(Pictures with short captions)
::::

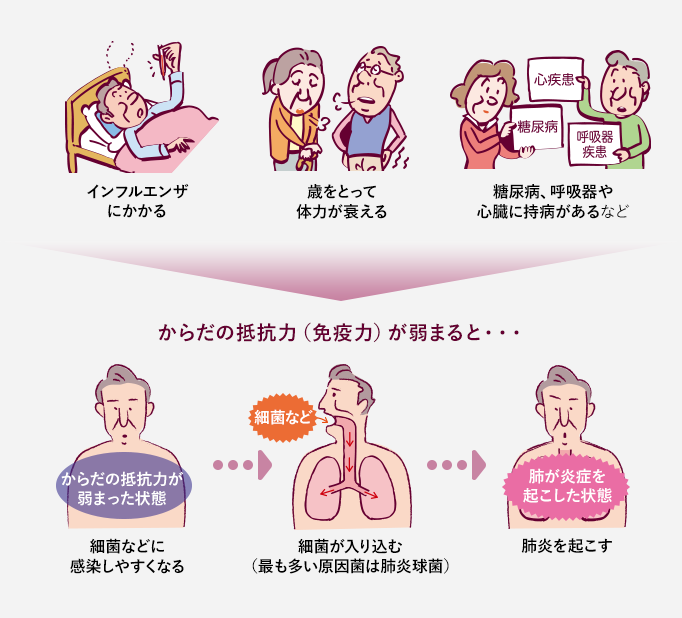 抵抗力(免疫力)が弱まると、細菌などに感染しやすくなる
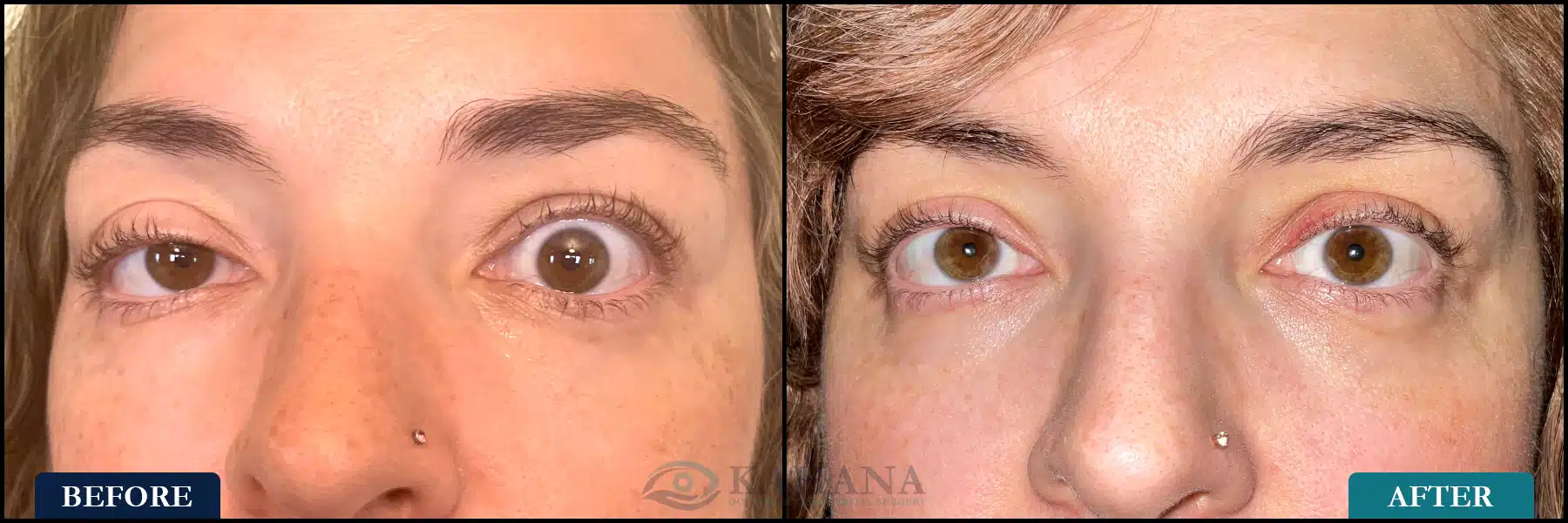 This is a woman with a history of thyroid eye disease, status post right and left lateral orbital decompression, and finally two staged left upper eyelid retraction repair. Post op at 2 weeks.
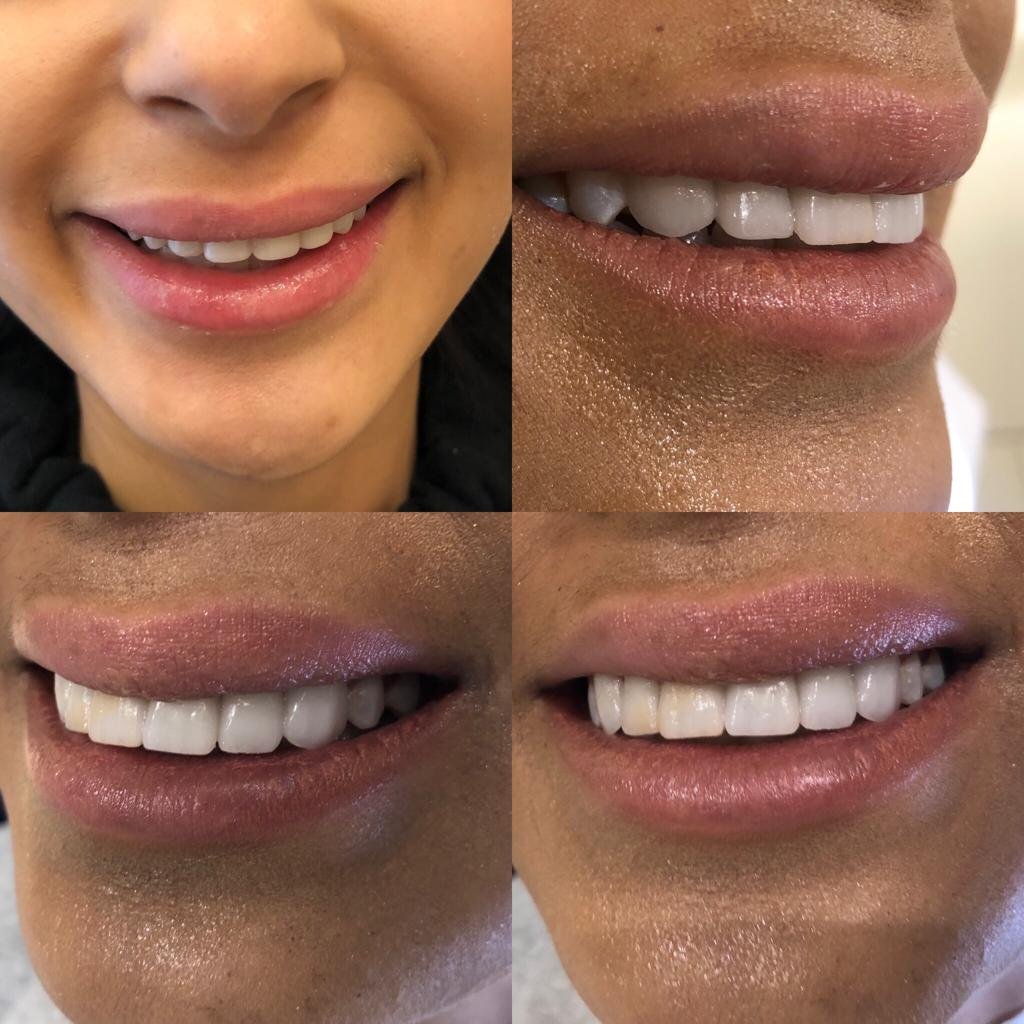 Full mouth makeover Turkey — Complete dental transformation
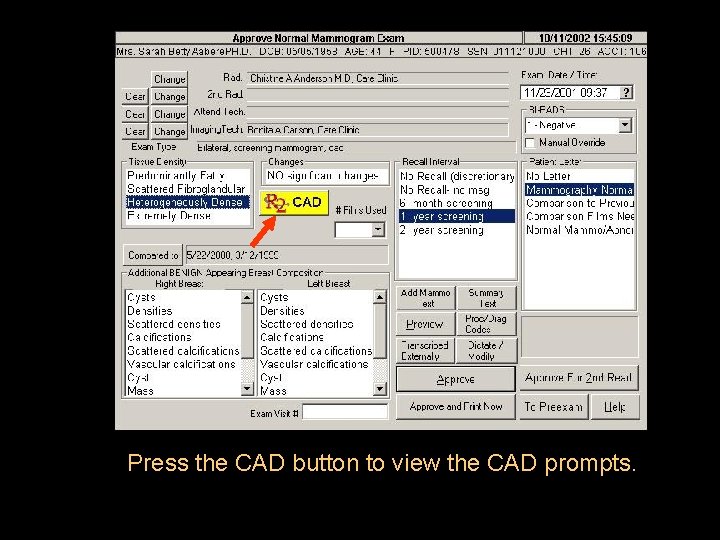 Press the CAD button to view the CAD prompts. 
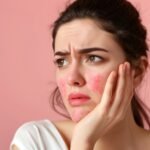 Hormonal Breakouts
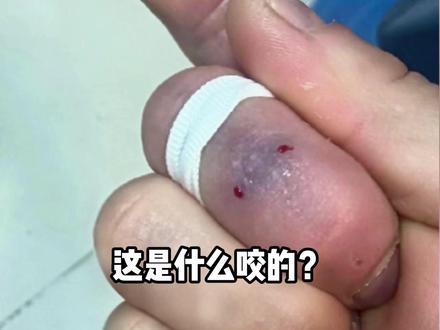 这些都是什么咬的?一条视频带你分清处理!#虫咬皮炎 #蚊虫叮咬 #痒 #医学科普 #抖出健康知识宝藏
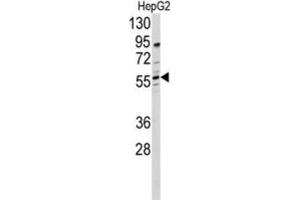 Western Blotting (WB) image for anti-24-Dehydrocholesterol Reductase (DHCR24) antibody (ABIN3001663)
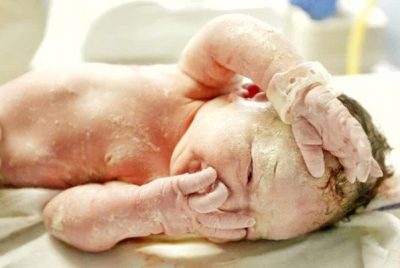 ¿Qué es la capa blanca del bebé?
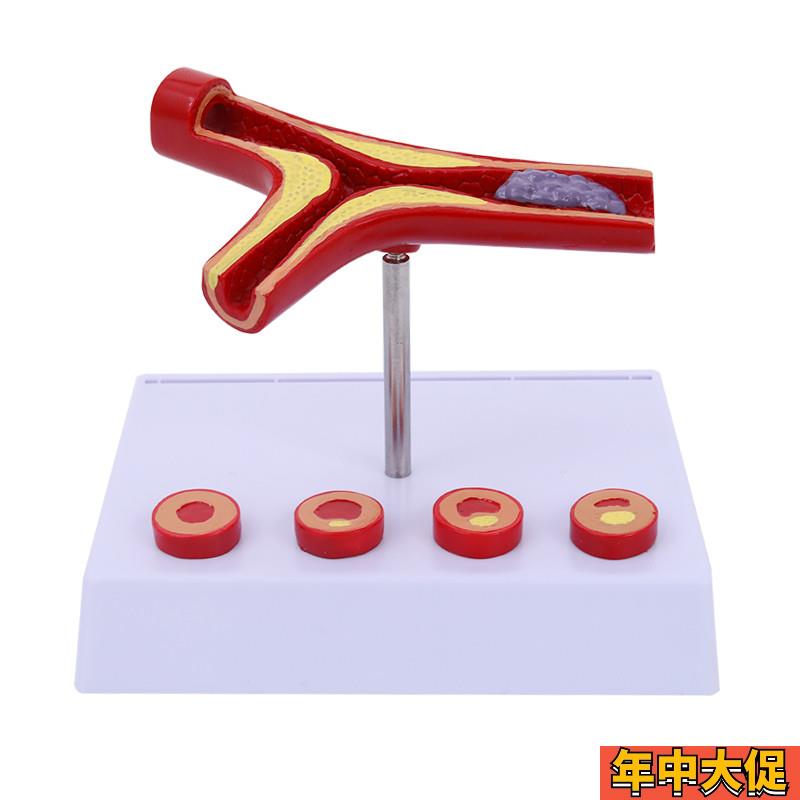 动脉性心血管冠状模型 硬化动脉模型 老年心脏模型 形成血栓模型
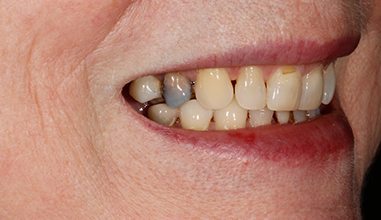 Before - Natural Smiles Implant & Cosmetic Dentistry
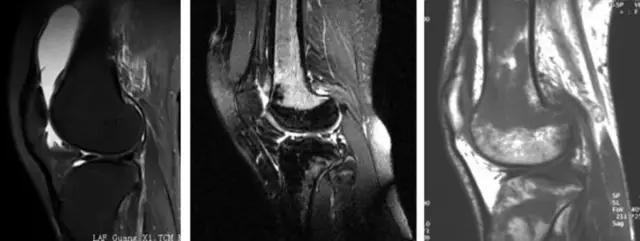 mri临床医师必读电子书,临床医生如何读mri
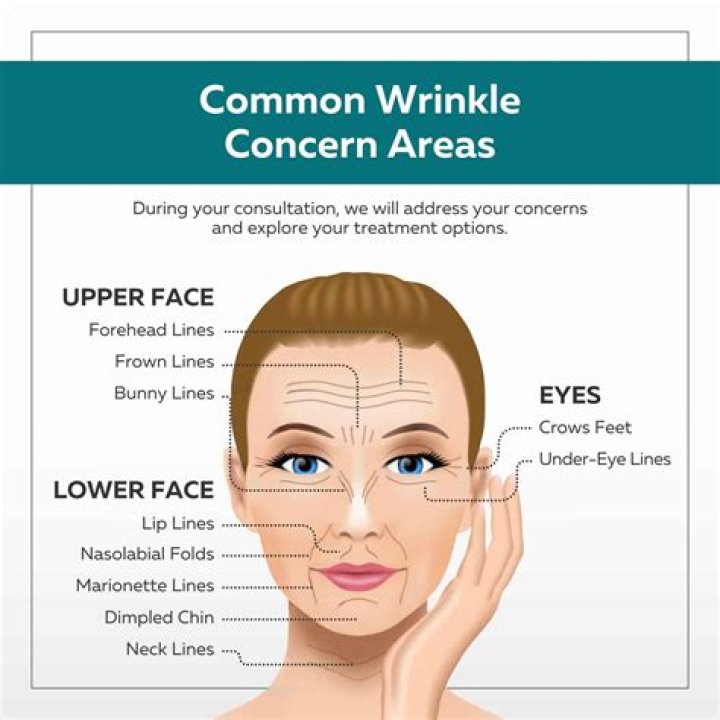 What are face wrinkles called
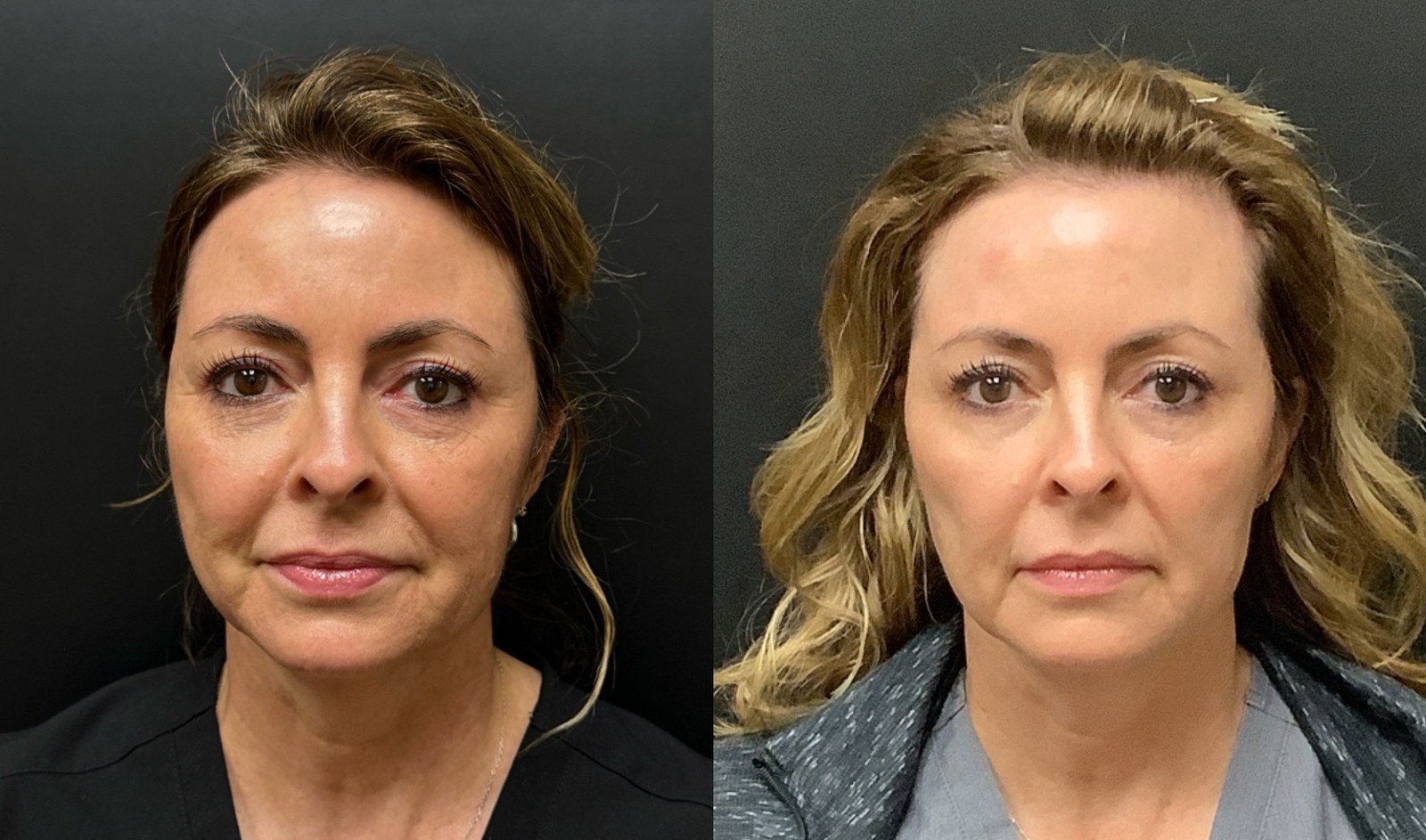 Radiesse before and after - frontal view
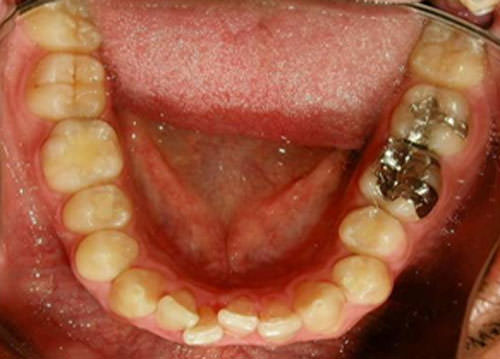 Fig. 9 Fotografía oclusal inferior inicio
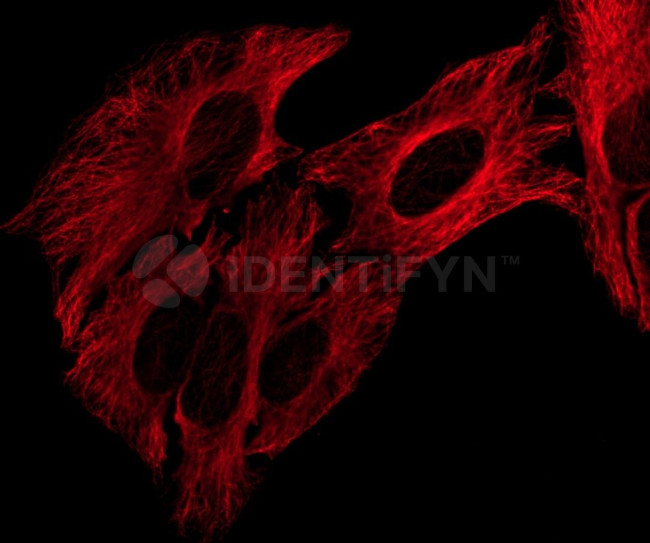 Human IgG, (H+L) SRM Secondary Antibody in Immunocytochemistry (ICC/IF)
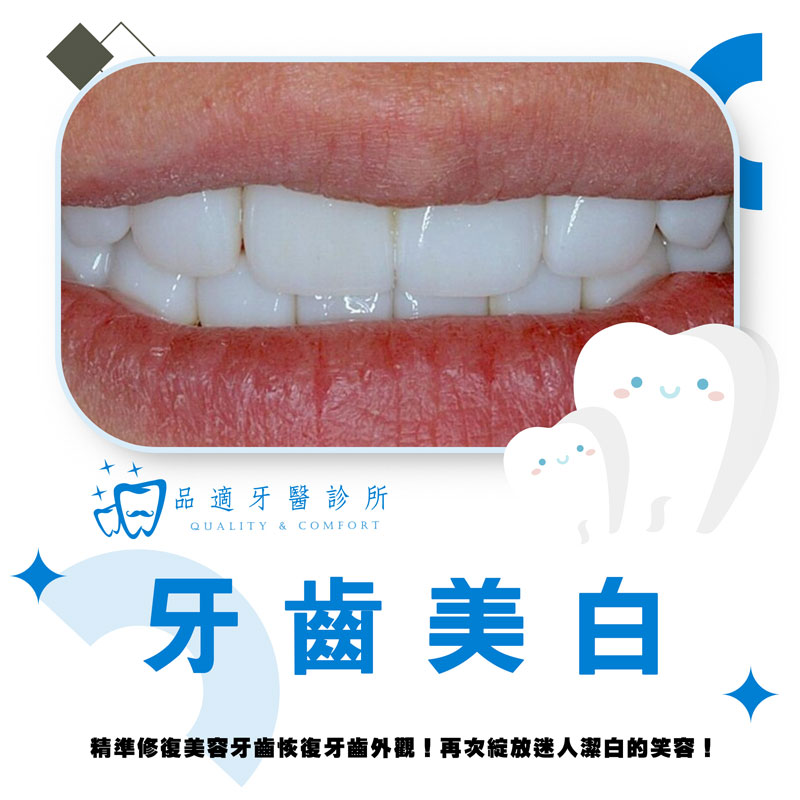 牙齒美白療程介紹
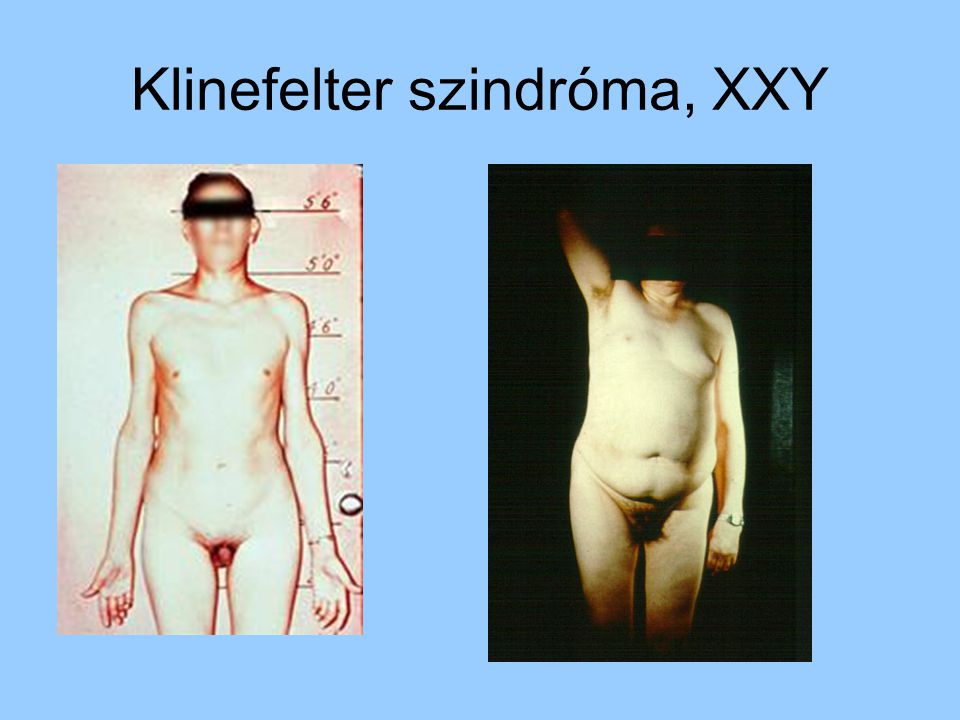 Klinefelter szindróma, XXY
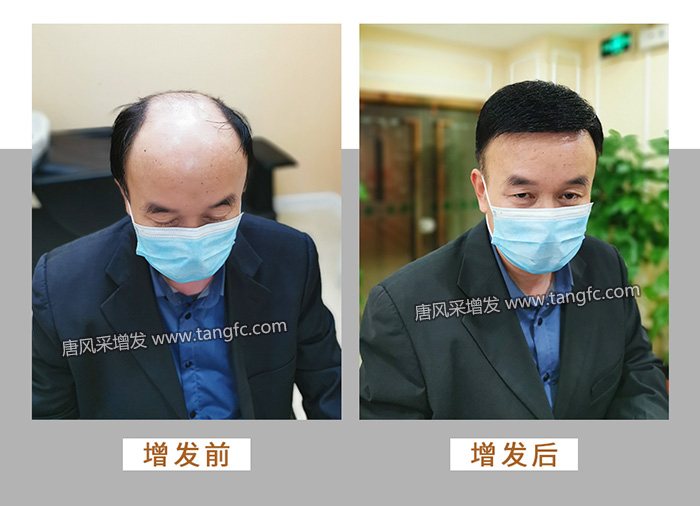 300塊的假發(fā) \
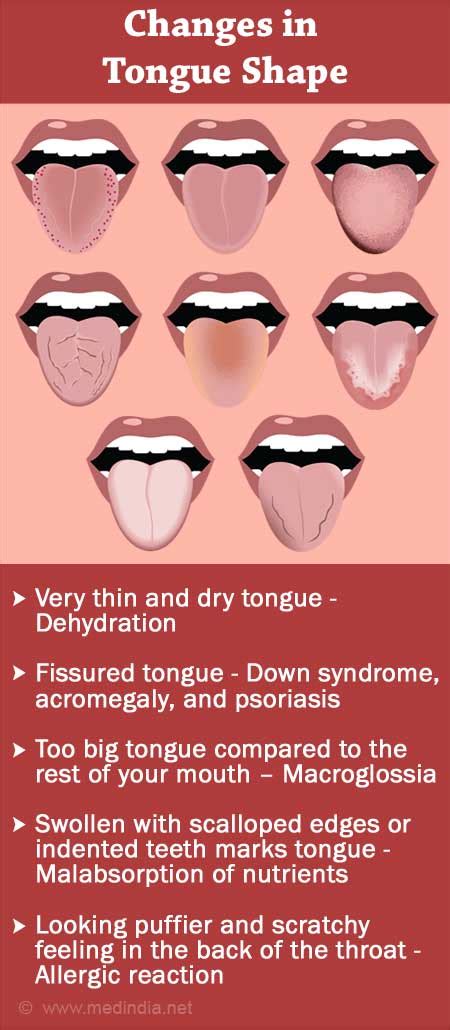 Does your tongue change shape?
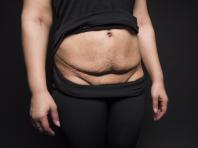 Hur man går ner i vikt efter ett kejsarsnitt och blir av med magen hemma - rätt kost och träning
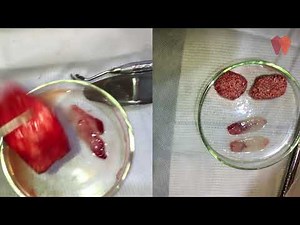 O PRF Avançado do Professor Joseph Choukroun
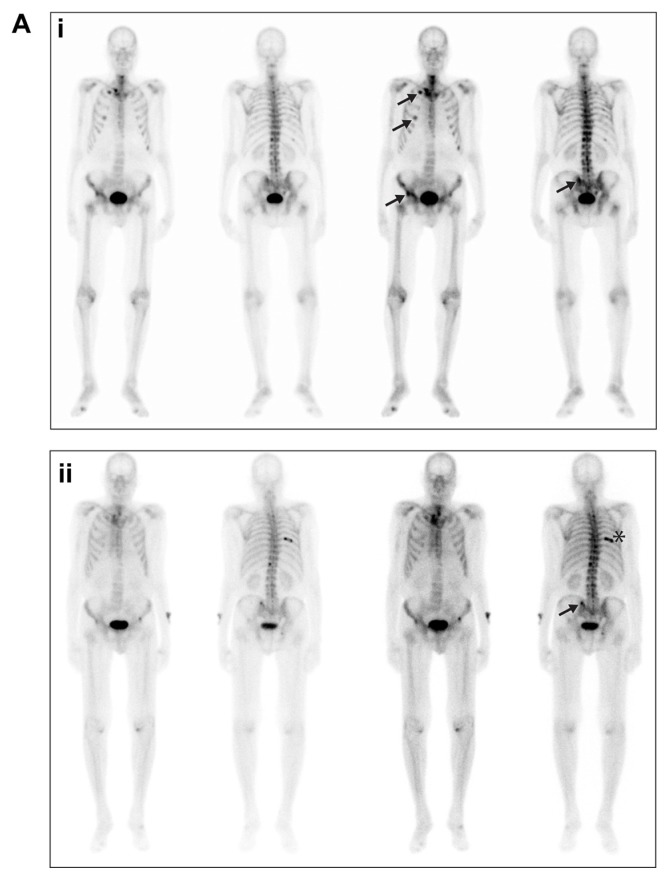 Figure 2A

::::

(THE PROBLEM)
I would like the exact lines from the data above, starting with the one that holds "Hormonal Breakouts" and going on through the one that holds "动脉性心血管冠状模型 硬化动脉模型 老年心脏模型 形成血栓模型", without the pictures.

(ANSWER BOX)
 Hormonal Breakouts
 这些都是什么咬的?一条视频带你分清处理!#虫咬皮炎 #蚊虫叮咬 #痒 #医学科普 #抖出健康知识宝藏
 Western Blotting (WB) image for anti-24-Dehydrocholesterol Reductase (DHCR24) antibody (ABIN3001663)
 ¿Qué es la capa blanca del bebé?
 动脉性心血管冠状模型 硬化动脉模型 老年心脏模型 形成血栓模型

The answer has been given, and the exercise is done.